» EXERCISE INSTRUCTIONS
Pictures do not belong in the copy. Return all of the entries exactly.

» SUPPLIED MATERIAL
┏━━
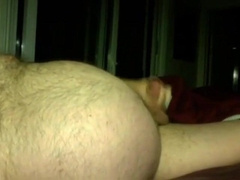 Silver Daddy Bear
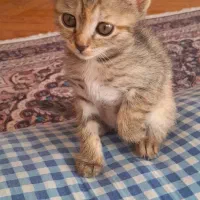 واگذاری رایگان|گربه|شیراز, رکنآباد|دیوار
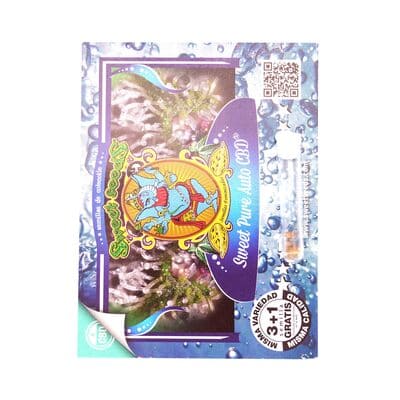 Sweet Pure Auto CBD > Sweet Seeds | CBD Hanfsamen  |  Hybrid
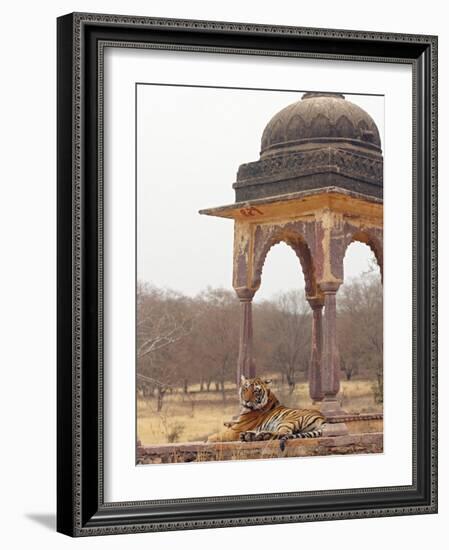 Royal Bengal Tiger At The Cenotaph, Ranthambhor National Park, India-Jagdeep Rajput-Framed Photographic Print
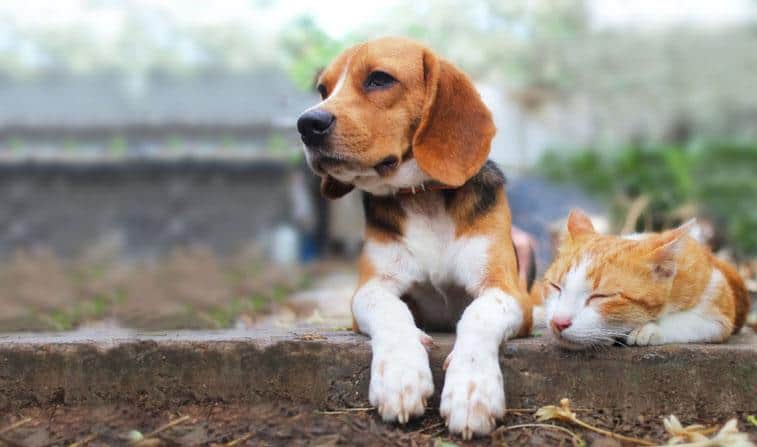 beagle dog and brown cat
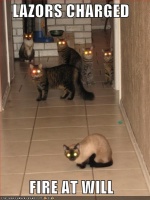 LOLcats Lasers.jpg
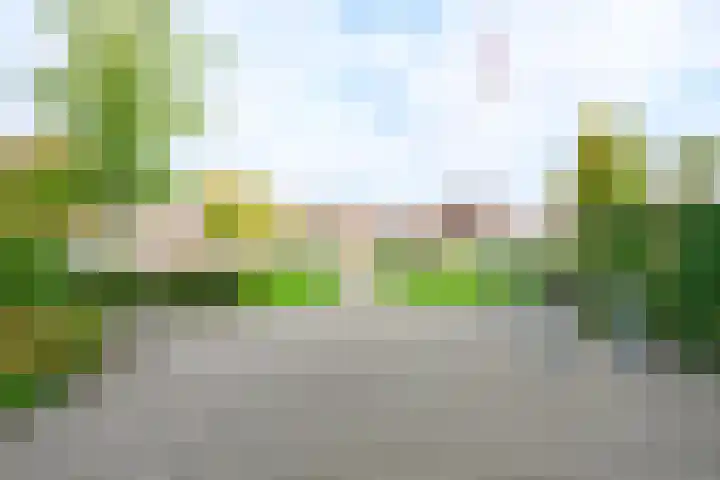 Waterborg 245 Medemblik thumbnail 40
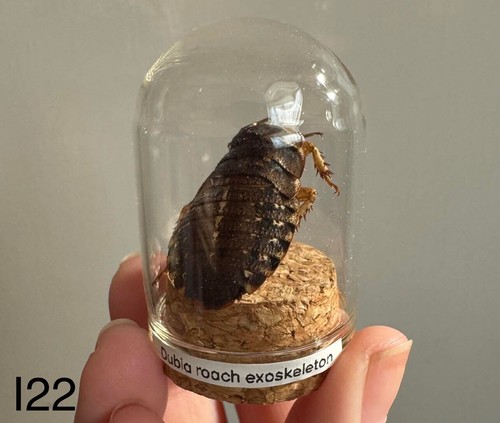 Dubia cockroach exoskeleton - cockroach,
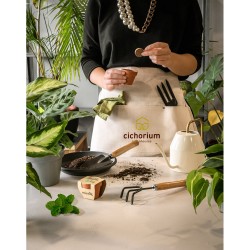 maceta-barro-semillas-menta-personalizada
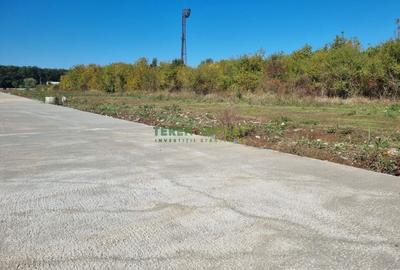 Vanzare lot 550 mp - Calea Bucuresti (DN1) Saftica - 4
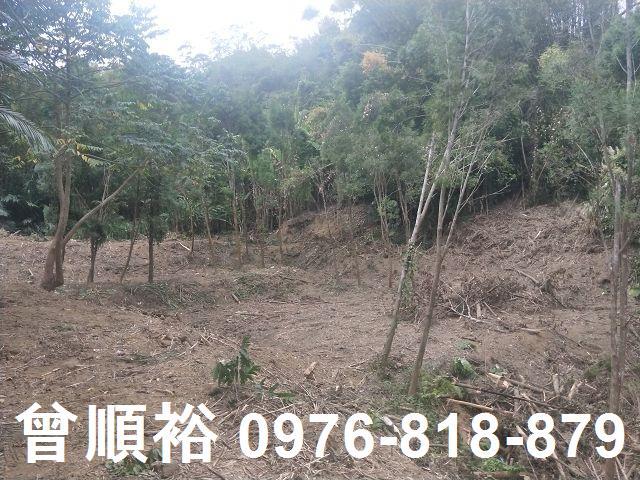 竹東農地-10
┗━━
» WRITTEN REPLY
 Silver Daddy Bear
 واگذاری رایگان|گربه|شیراز, رکنآباد|دیوار
 Sweet Pure Auto CBD > Sweet Seeds | CBD Hanfsamen  |  Hybrid
 Royal Bengal Tiger At The Cenotaph, Ranthambhor National Park, India-Jagdeep Rajput-Framed Photographic Print
 beagle dog and brown cat
 LOLcats Lasers.jpg
 Waterborg 245 Medemblik thumbnail 40
 Dubia cockroach exoskeleton - cockroach,
 maceta-barro-semillas-menta-personalizada
 Vanzare lot 550 mp - Calea Bucuresti (DN1) Saftica - 4
 竹東農地-10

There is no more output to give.